How does this medication work? What will it do for me?
Methylphenidate belongs to the family of medications known as stimulants. It is used to treat attention deficit hyperactivity disorder (ADHD) and narcolepsy (uncontrollable need to sleep). It helps to increase attention and decrease restlessness for children and adults who have been diagnosed with ADHD.
Other measures (e.g., psychological, educational, and social therapies) are used along with methylphenidate as part of an overall treatment program for ADHD. This medication also helps to stimulate people with narcolepsy so that they do not fall asleep at inappropriate times.
This medication may be available under multiple brand names and/or in several different forms. Any specific brand name of this medication may not be available in all of the forms or approved for all of the conditions discussed here. As well, some forms of this medication may not be used for all of the conditions discussed here.
Your doctor may have suggested this medication for conditions other than those listed in these drug information articles. If you have not discussed this with your doctor or are not sure why you are taking this medication, speak to your doctor. Do not stop taking this medication without consulting your doctor.
Do not give this medication to anyone else, even if they have the same symptoms as you do.
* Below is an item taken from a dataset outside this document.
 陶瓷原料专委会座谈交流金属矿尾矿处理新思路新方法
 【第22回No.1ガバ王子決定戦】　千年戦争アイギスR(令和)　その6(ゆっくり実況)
It can be harmful for people to take this medication if their doctor has not prescribed it.
What form(s) does this medication come in?
Each salmon, round, biconvex, scored tablet, embossed "pms" score "5" and "130" on opposite sides, contains 5 mg of methylphenidate HCl USP. Nonmedicinal ingredients: cellulose, cornstarch, dibasic calcium phosphate, lactose, magnesium stearate, and FD&C Yellow No. 6 Lake.
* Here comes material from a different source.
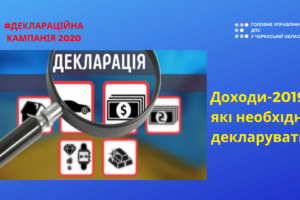 Доходи-2019, які необхідно декларувати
Each blue, round, biconvex, scored tablet, embossed "pms" score "10" and "110" on opposite sides, contains 10 mg of methylphenidate HCl USP. Nonmedicinal ingredients: cellulose, cornstarch, dibasic calcium phosphate, lactose, magnesium stearate, and triturate FD&C Green No. 3.
Each yellow, round, biconvex, scored tablet, embossed "pms" score "20" and "123" on opposite sides, contains 20 mg of methylphenidate HCl USP. Nonmedicinal ingredients: cellulose, cornstarch, dibasic calcium phosphate, lactose, magnesium stearate, and D&C Yellow No. 10 Lake.
How should I use this medication?
The dose of methylphenidate needs to be individualized according to the needs of the person taking the medication. The dose is usually started low and increased gradually to the dose that works best for the person.
The usual starting dose for this medication is 5 mg to 10 mg, taken 2 or 3 times daily for the regular release tablets. The sustained release tablets are usually taken once daily. Doses above 60 mg daily are not recommended. If symptoms worsen or if side effects occur, contact your doctor for further instruction. In many cases for children, the medication does not need to be continued after puberty.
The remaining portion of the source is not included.